■ WORK TO COMPLETE
Once you reach the line containing "CSDN博客盈利之路，策略与实践", return it and every line after it exactly, through the end of the records below, with no pictures.

[Short web captions]
=== Section Start ===
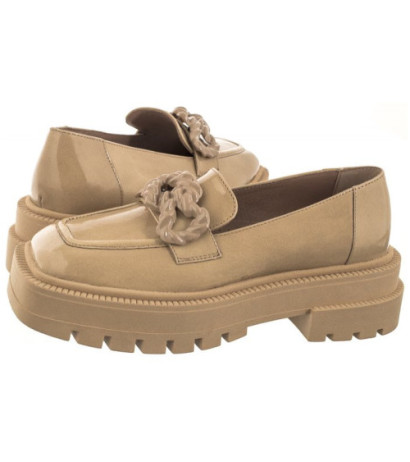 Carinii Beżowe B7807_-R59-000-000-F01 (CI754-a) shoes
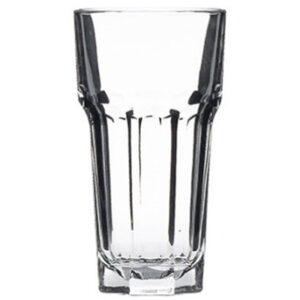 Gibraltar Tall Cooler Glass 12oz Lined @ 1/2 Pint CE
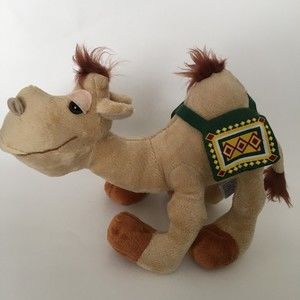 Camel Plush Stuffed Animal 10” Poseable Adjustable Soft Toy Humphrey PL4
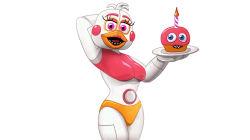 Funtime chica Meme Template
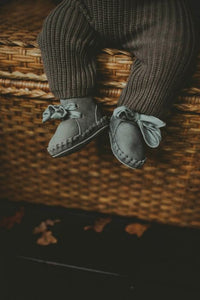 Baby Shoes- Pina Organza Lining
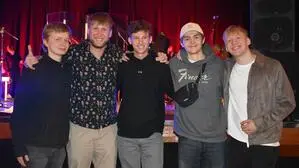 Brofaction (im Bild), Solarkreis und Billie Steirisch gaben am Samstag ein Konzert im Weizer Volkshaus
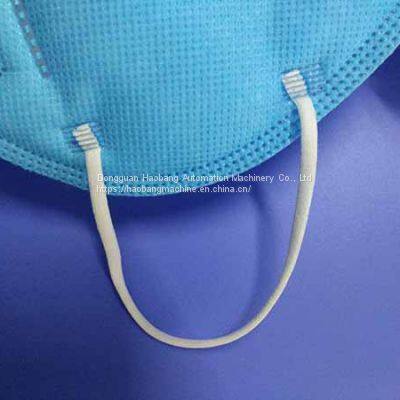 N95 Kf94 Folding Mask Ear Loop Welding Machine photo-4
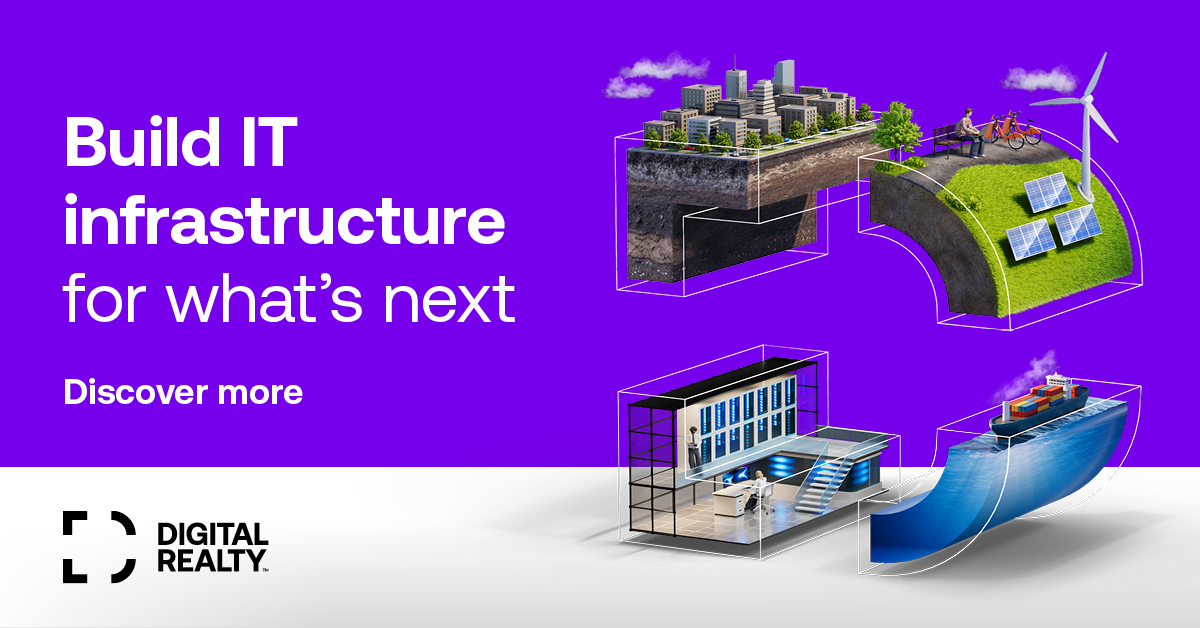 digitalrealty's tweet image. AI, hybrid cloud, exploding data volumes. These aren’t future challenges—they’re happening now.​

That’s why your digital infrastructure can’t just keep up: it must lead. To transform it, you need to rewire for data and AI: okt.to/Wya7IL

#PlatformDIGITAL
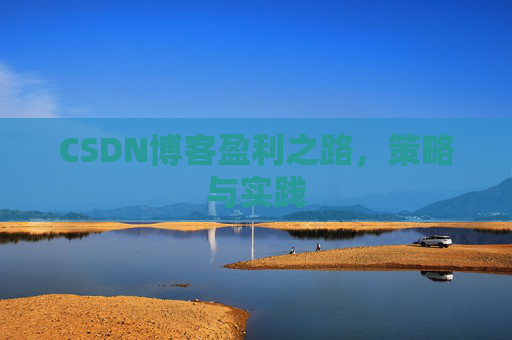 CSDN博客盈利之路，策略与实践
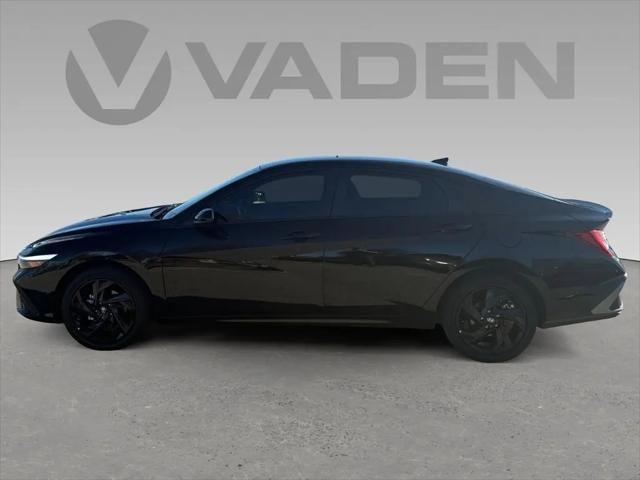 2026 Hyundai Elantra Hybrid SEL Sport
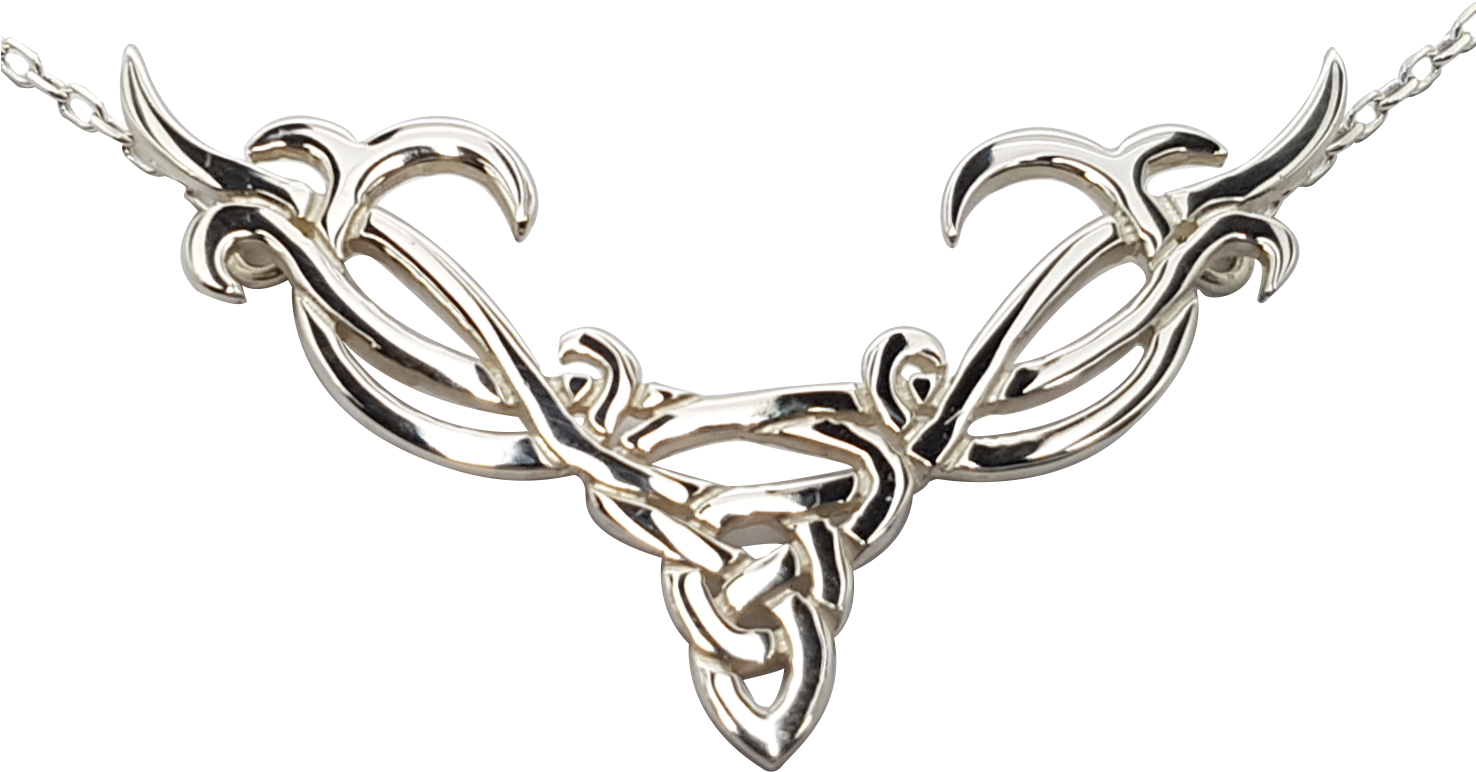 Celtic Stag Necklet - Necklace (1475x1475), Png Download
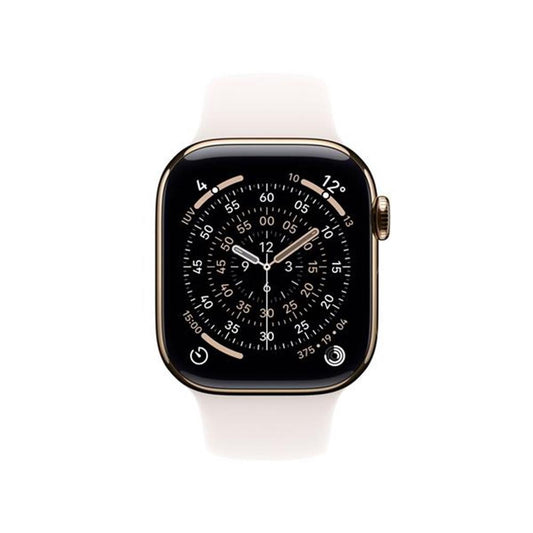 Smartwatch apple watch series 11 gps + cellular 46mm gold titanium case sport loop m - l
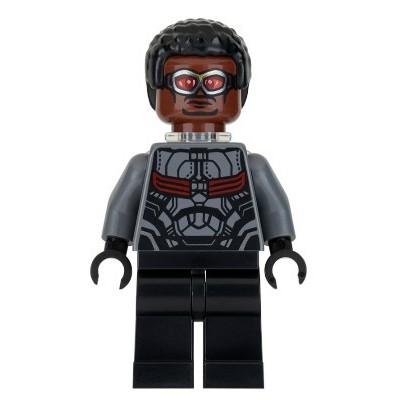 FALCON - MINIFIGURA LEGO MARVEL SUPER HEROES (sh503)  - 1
=== Section End ===
■ WRITTEN ANSWER
 CSDN博客盈利之路，策略与实践
 2026 Hyundai Elantra Hybrid SEL Sport
 Celtic Stag Necklet - Necklace (1475x1475), Png Download
 Smartwatch apple watch series 11 gps + cellular 46mm gold titanium case sport loop m - l
 FALCON - MINIFIGURA LEGO MARVEL SUPER HEROES (sh503)  - 1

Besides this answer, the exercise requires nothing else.